Short descriptive text snippets:

########

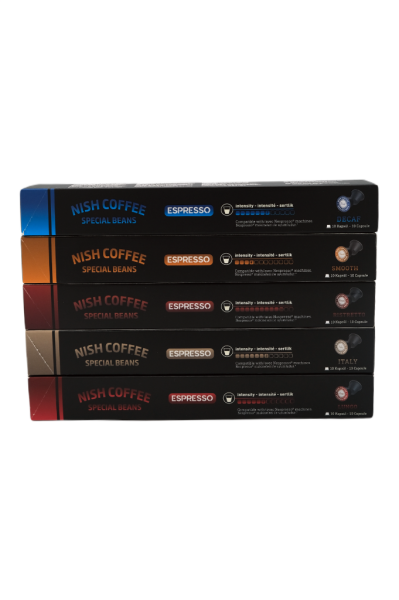 Nish Nespresso Uyumlu Kapsül Kahve 5 li Set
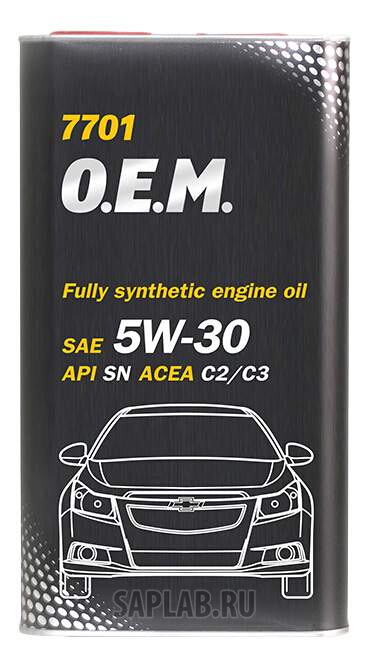 Купить MANNOL 4038 Моторное масло Mannol 7701 O.E.M. 5W-30 4л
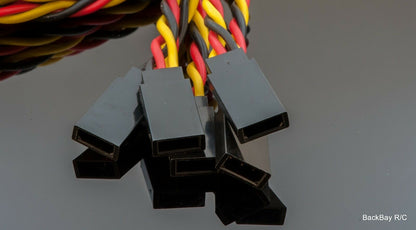 JR / Hitec Servo Extension Leads with Heavy Duty Twisted 20awg Wire - 8 Lengths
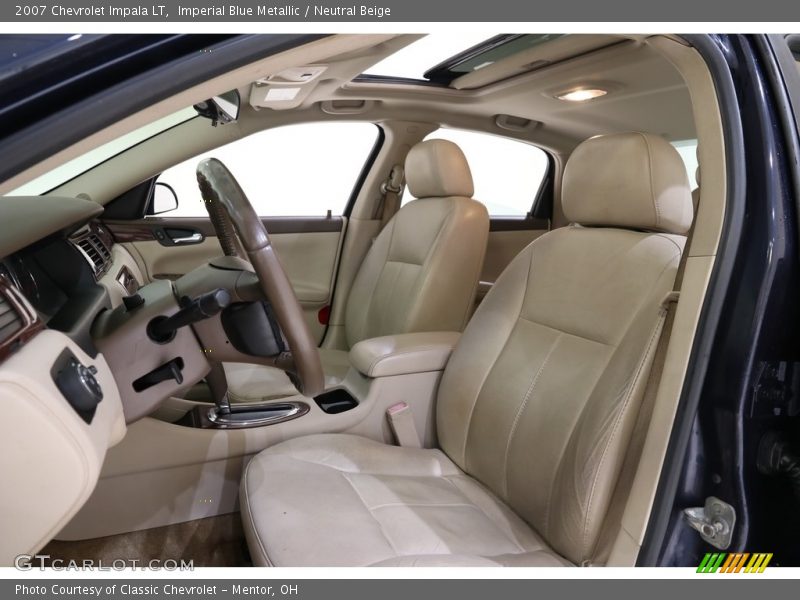 Imperial Blue Metallic / Neutral Beige 2007 Chevrolet Impala LT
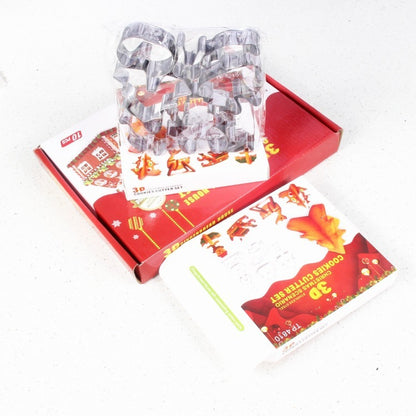 Christmas Stainless Steel 3D Three-dimensional Cookie Gingerbread House Cookie Mold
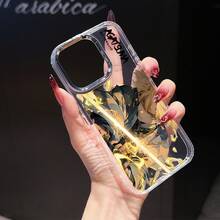 Funda para Teléfono - Funda para Teléfono con Patrón de Anime 302QO, Funda para Teléfono de Pareja con Patrón Navideño, Funda para Teléfono con Marco de Metal Electrochapado, Adecuada para 16Promax 16Pro 16Plus 16 15Promax 15Pro 15Plus 15 14Promax 14Pro 14 13Promax 13Pro 17 17Promax 17Air 12 11Pro17 17promax - transparente - Ver 10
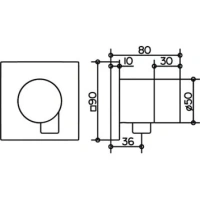 Вентиль Keuco Ixmo 59541010102 для душа - Gidratop.ru изображение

########

== Your objective ==
Your reply should be the full data above, copied exactly, with no pictures in it.

== Answer to the problem ==
 Nish Nespresso Uyumlu Kapsül Kahve 5 li Set
 Купить MANNOL 4038 Моторное масло Mannol 7701 O.E.M. 5W-30 4л
 JR / Hitec Servo Extension Leads with Heavy Duty Twisted 20awg Wire - 8 Lengths
 Imperial Blue Metallic / Neutral Beige 2007 Chevrolet Impala LT
 Christmas Stainless Steel 3D Three-dimensional Cookie Gingerbread House Cookie Mold
 Funda para Teléfono - Funda para Teléfono con Patrón de Anime 302QO, Funda para Teléfono de Pareja con Patrón Navideño, Funda para Teléfono con Marco de Metal Electrochapado, Adecuada para 16Promax 16Pro 16Plus 16 15Promax 15Pro 15Plus 15 14Promax 14Pro 14 13Promax 13Pro 17 17Promax 17Air 12 11Pro17 17promax - transparente - Ver 10
 Вентиль Keuco Ixmo 59541010102 для душа - Gidratop.ru изображение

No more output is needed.